Task instructions:
Skip the images and print the listing exactly.

Supplied information:

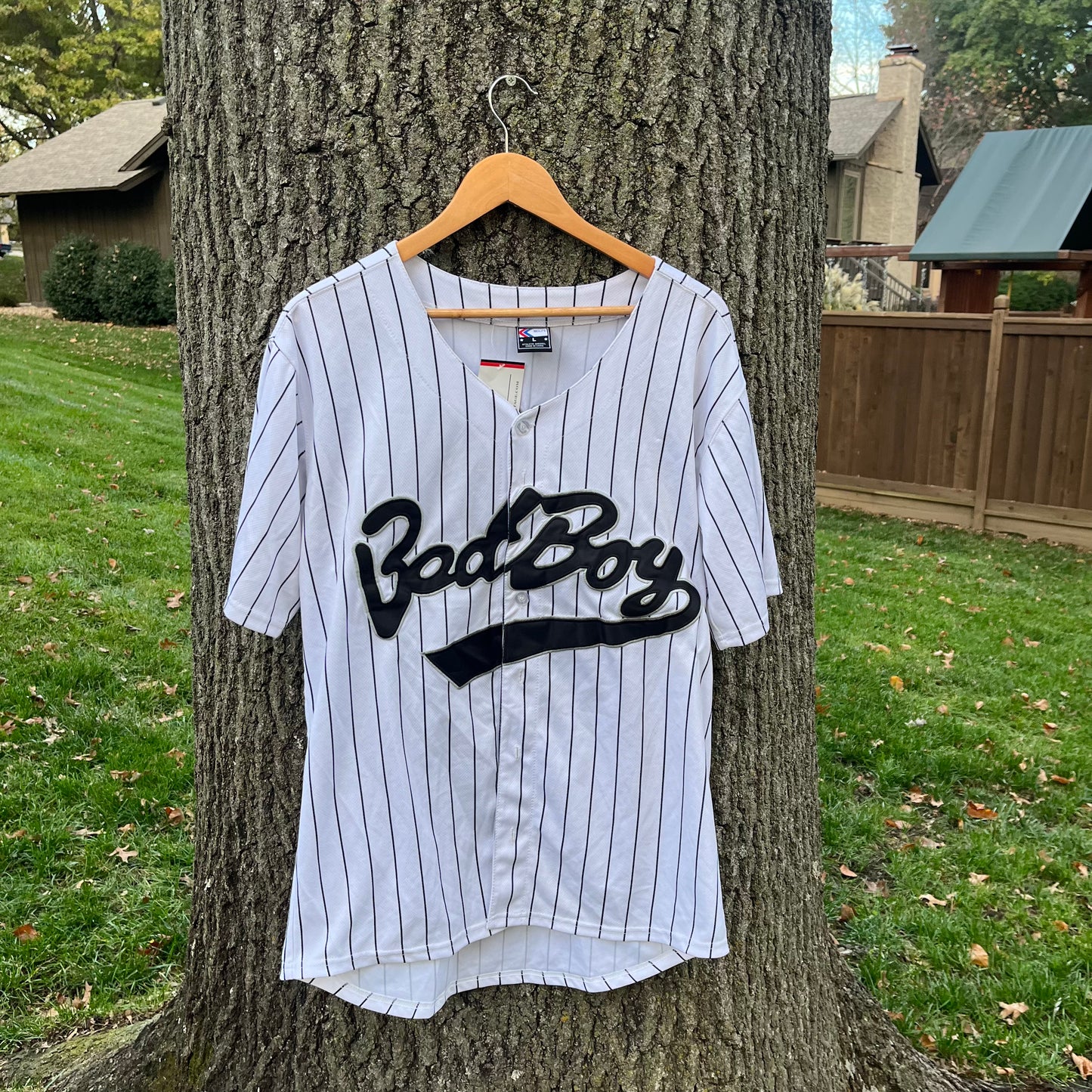 Notorious B.I.G Pinstripes baseball jersey (L)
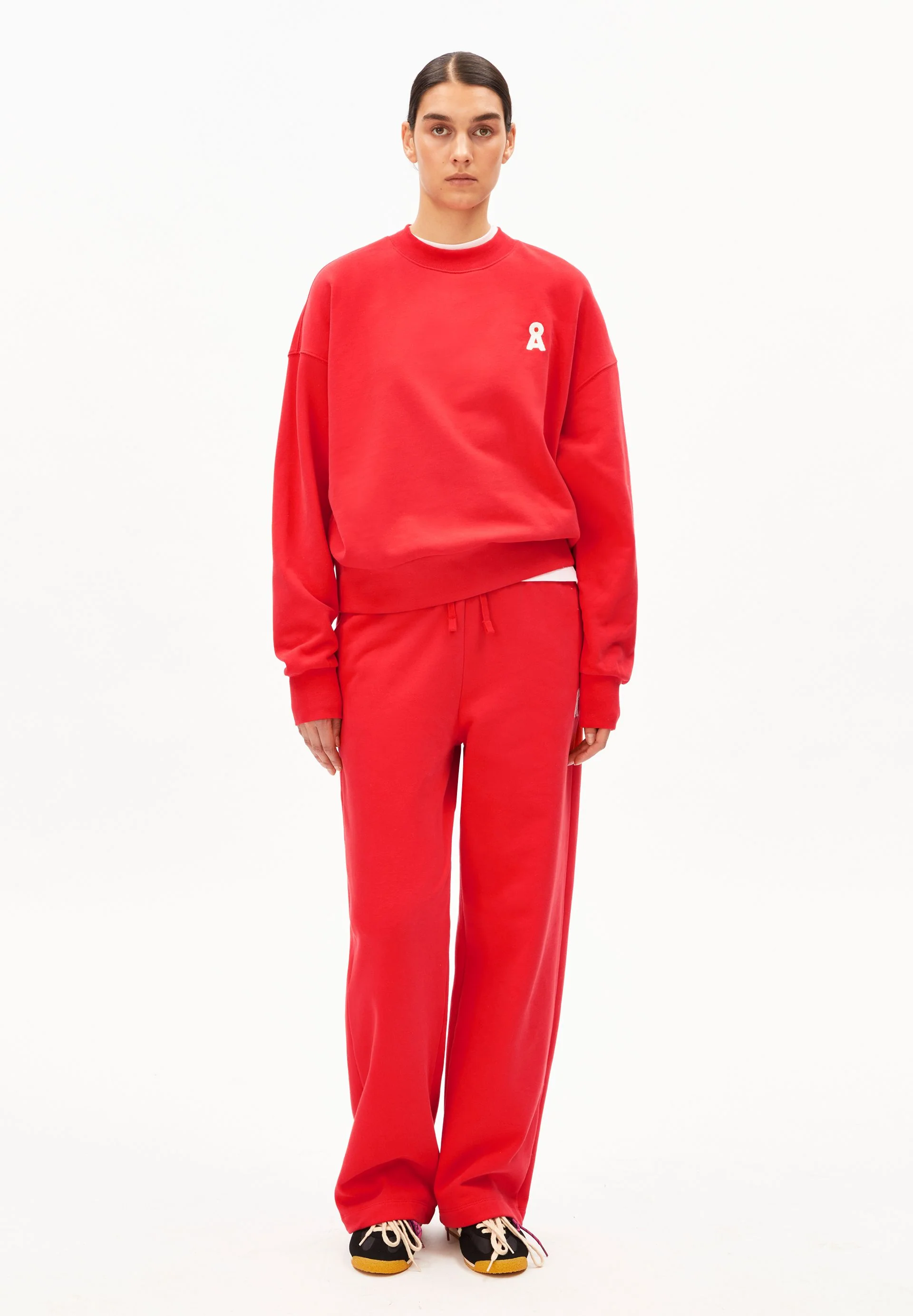 ICONIC Å ALIZAA SWEATSHIRT | mars red - Image 5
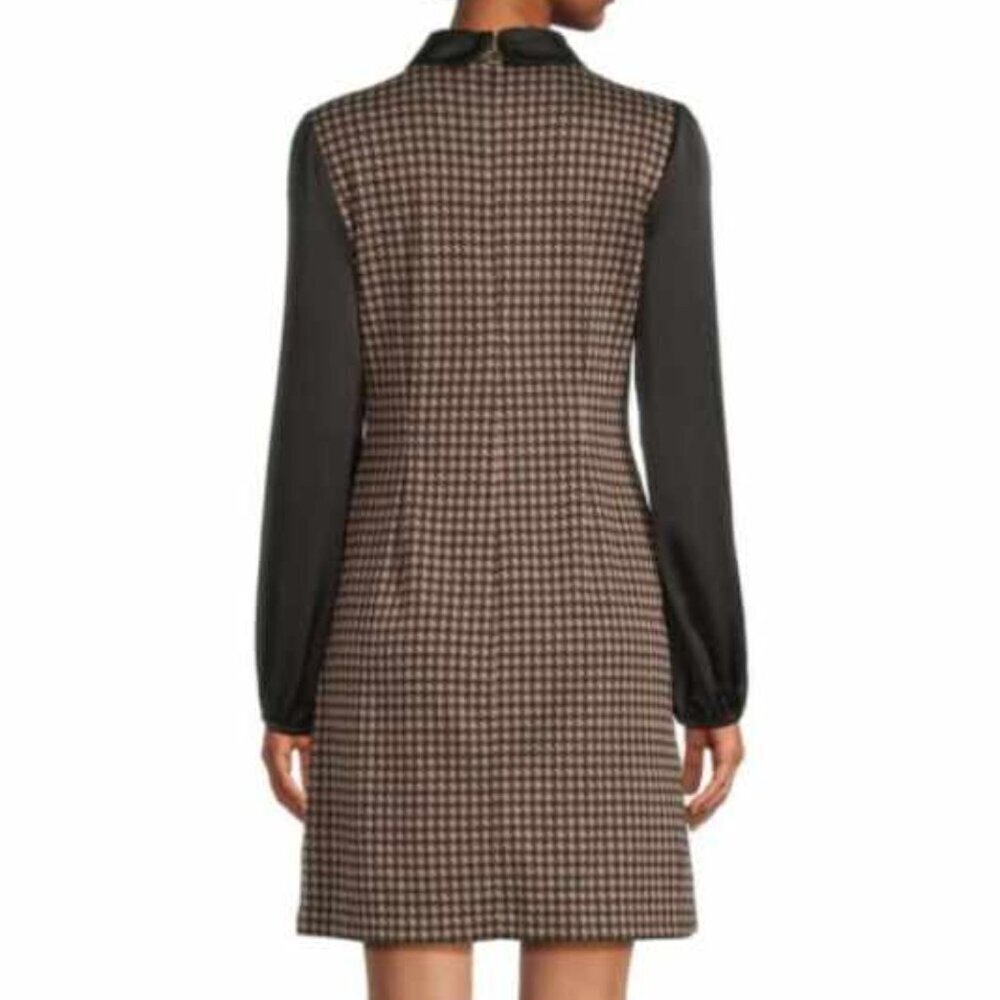 Tommy Hilfiger Houndstooth Twofer Knit Mini Dress - Picture 2 of 9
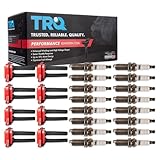 TRQ Ignition Coil & Spark Plug Kit Iridium 24 Piece Compatible with 2009-2022 Dodge Charger Durango 2009-2021 Jeep Grand Cherokee 2014-2021 Chrysler 300 2011-2021 Ram 1500 2011-2018 2500 3500 5.7L V8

Written solution:
 Notorious B.I.G Pinstripes baseball jersey (L)
 ICONIC Å ALIZAA SWEATSHIRT | mars red - Image 5
 Tommy Hilfiger Houndstooth Twofer Knit Mini Dress - Picture 2 of 9
 TRQ Ignition Coil & Spark Plug Kit Iridium 24 Piece Compatible with 2009-2022 Dodge Charger Durango 2009-2021 Jeep Grand Cherokee 2014-2021 Chrysler 300 2011-2021 Ram 1500 2011-2018 2500 3500 5.7L V8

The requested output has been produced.